*Exercise aim*. Extract exactly the lines from the top of the records through the line containing "Head Lamp Assembly", and keep pictures out of the copy.

= Beginning of Section =

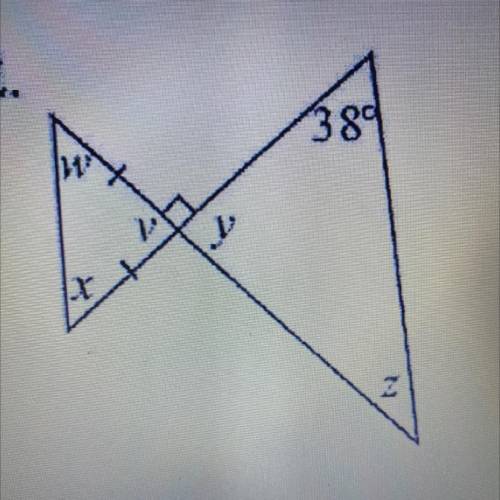 The question says find the missing angles HELPP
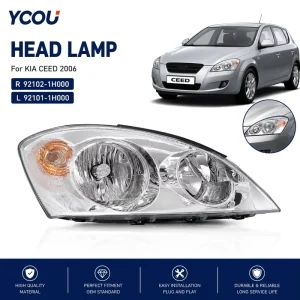 Head Lamp Assembly for Kia Ceed Front Headlight OEM 92101-1H000 92102-1H000 Left Right Auto Lighting Parts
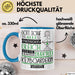 Keyboarderin Geschenk Becher Tasse Gott Schuf Alle Menschen Gleich Nur Die Besten Durfeten Keyboarderin Werden Geschenkidee Lustig Blau Trendation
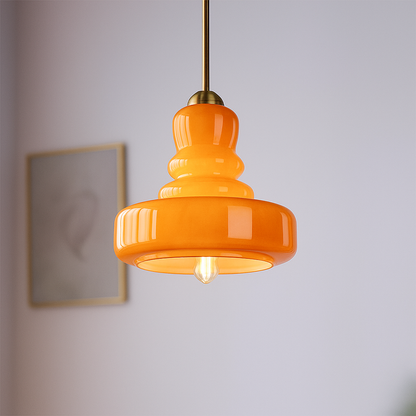FormaLume | Plafonnier en Verre Élégant de Style Bauhaus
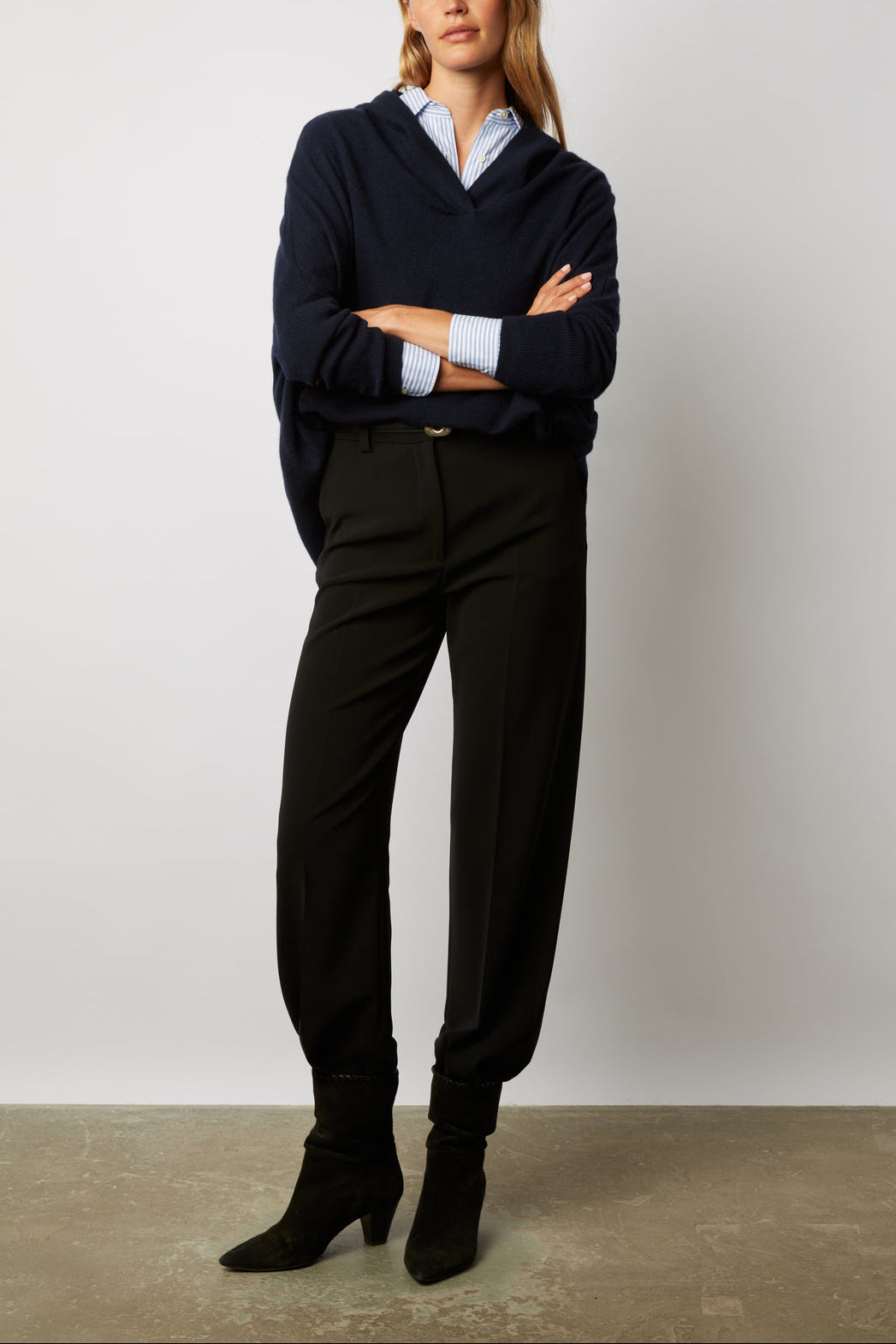 Pull oversize à capuche en cachemire - LALOU Faume - seconde main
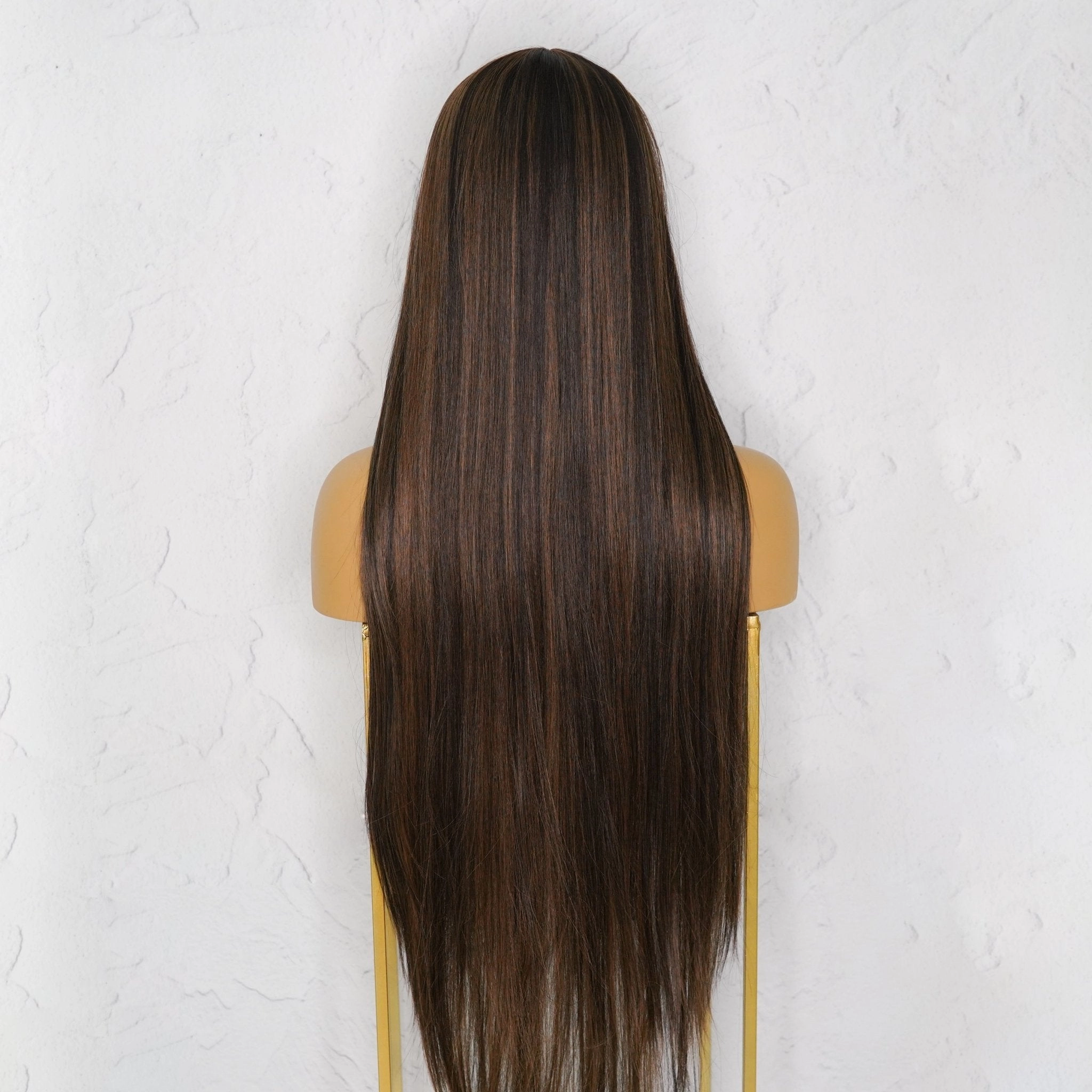 ISABELLE Chocolate 30" Lace Front Wig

= End of Section =

*Solution to the problem*.
 The question says find the missing angles HELPP
 Head Lamp Assembly for Kia Ceed Front Headlight OEM 92101-1H000 92102-1H000 Left Right Auto Lighting Parts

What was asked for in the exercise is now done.